FanCraze, a cricket-based non-fungible token (NFT) platform, ventured into English county by signing a collaboration with 12 of the 18 first-class cricket clubs.
The company has signed a partnership with Lancashire Cricket, Middlesex, Somerset, Glamorgan, Sussex, Derbyshire, Durham, Gloucestershire, Kent, Northamptonshire, Nottinghamshire, and Worcestershire.
With this association, the cricket clubs are now involved in making their efforts in the NFT market, where now the fans will get the chance to buy digital collectibles and player cards of their favourite players and make a trade with them.
FanCraze will also get traditional sponsorship assets, which include stadium brandings, hospitality, and ticketing rights.
Earlier, Yorkshire was the only county cricket club in England to enter the NFT market, as they locked a deal with Virtua.
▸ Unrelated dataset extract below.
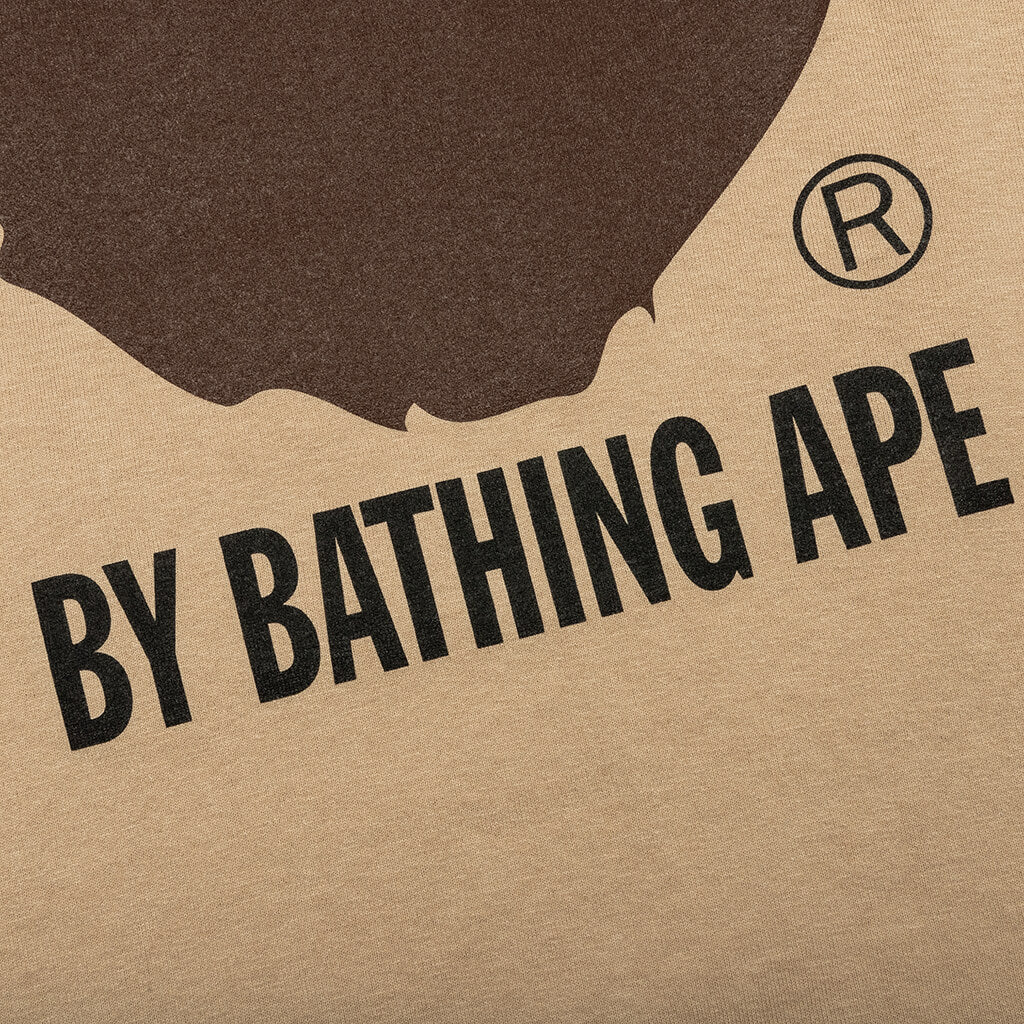 By Bathing Ape Tee Beige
FanCraze is a leading cricket NFT entity where fans can collect, use, play, and interact with the sport through NFTs. The company has already struck partnerships with the International Cricket Council (ICC), Chennai Super Kings (CSK), Delhi Capitals (DC), Lucknow Super Giants (LSG), Rajasthan Royals (RR), Cricket West Indies (CWI), and the South African T20 league, SA20, along with cricketers such as Shikhar Dhawan, Rohit Sharma, Ravichandran Ashwin, Jasprit Bumrah and many more.
Anshum Bhambri, CEO of FanCraze said, “English cricket has always intrigued me personally because going through the history of cricket, English counties have been able to establish a real culture that is deeply entrenched in the history of the sport, but the English domestic clubs haven’t always been able to keep pace with the times commercially and take their brands outside of England”.
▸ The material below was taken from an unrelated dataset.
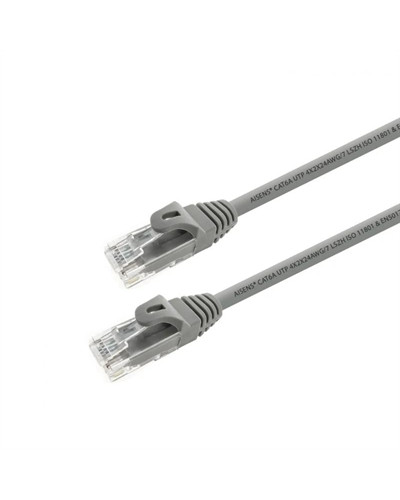 Aisens Latiguillo Rj45 Cat.6A Utp Gris 1.0M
He further said, “Therefore, we see the opportunity to provide a new form of digital strategy which can engage cricket fans from all over the world who can actually interact with English county cricket in new ways, whether it’s through owning and trading these digital assets, or gamification or having real-world experiential access to English domestic cricket, that would help us grow English county cricket outside of the UK market.”